Advocates of xenharmonic tunings other than quartertones will probably object here that the quartertone system does not afford good approximations to the true (just or pure) untempered major and minor thirds and sixths, ratios 4:5, 5:6, 3:5, 5:8. Quartertones do not improve these intervals at all over what the semitone system or 12-tone equal temperament does. Accordingly, or rather discordantly, the advocates of just intonation and of such temperaments as 19, 22, 31, 41 and 53 tones per octave will refuse to have anything to do with the quartertone (24-tone) system and attack it with all the fervor of the Inquisition of the witch-hunt! (Much of Yasser's Theory of Evolving Tonality is devoted to attacking quartertones and quartertonists; many of the followers of Harry Partch consider quartertones some kind of heresy or unmixed evil; and so on and on.)

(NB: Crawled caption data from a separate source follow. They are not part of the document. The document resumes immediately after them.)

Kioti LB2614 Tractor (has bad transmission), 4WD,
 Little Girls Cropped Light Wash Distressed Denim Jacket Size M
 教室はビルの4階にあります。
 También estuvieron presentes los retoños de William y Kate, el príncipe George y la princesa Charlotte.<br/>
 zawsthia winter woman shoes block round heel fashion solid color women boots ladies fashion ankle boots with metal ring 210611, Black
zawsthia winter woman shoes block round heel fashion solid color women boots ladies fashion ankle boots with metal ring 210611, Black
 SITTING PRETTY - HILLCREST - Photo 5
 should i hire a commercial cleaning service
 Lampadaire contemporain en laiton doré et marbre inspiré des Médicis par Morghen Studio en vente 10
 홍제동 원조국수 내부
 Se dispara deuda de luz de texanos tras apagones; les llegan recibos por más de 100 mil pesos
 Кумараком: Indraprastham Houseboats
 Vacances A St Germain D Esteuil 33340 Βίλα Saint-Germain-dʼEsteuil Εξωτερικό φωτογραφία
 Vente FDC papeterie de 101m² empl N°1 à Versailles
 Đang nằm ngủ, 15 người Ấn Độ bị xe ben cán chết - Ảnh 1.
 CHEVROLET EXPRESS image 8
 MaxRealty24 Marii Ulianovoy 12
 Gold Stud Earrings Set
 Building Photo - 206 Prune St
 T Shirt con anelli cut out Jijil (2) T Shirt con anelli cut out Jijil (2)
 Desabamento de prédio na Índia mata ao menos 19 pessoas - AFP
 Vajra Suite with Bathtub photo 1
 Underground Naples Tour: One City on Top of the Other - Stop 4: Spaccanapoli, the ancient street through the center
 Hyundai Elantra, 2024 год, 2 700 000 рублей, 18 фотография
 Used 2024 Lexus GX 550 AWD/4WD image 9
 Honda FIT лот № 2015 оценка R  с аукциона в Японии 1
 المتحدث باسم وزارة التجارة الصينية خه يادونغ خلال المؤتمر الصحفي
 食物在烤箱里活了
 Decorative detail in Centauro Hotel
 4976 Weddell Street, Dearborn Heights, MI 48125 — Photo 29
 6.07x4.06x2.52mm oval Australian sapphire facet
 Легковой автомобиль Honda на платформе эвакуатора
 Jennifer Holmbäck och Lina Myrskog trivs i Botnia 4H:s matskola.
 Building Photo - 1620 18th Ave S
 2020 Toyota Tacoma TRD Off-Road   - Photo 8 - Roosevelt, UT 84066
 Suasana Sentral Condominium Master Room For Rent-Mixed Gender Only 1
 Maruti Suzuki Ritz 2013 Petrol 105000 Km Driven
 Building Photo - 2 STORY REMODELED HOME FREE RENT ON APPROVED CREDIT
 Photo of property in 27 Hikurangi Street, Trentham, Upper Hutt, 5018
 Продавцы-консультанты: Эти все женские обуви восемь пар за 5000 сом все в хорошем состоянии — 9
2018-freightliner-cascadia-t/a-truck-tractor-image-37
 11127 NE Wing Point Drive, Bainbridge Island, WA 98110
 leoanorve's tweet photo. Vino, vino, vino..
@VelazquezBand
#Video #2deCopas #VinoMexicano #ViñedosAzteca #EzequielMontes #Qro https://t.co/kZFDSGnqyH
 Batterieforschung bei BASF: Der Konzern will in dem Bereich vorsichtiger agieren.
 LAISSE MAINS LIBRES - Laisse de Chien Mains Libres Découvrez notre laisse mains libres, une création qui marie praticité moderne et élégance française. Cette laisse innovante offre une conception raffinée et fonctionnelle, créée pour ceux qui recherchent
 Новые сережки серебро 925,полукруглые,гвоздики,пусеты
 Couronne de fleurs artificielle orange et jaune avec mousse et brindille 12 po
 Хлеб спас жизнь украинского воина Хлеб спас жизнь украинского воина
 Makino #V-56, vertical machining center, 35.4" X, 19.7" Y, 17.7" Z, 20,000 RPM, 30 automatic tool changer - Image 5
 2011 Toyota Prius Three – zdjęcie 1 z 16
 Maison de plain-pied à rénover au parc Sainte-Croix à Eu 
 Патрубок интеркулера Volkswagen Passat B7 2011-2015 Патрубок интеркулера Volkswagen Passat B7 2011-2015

They miss a number of important points: it might have been true 100 or 50 years ago that if you spent your money on a special harmonium or organ that could play just intonation or some tuning almost as good as just, that you could not afford a quartertone instrument, and would not have the space to put it in even if you could afford to have it made. So you had an agonizing choice--only one new system, and which one was it to be? And whatever you chose, you were stuck with it for life, so had to spend the rest of your life defending it. And attacking those who weren't so smart as to make exactly the same choice as yours.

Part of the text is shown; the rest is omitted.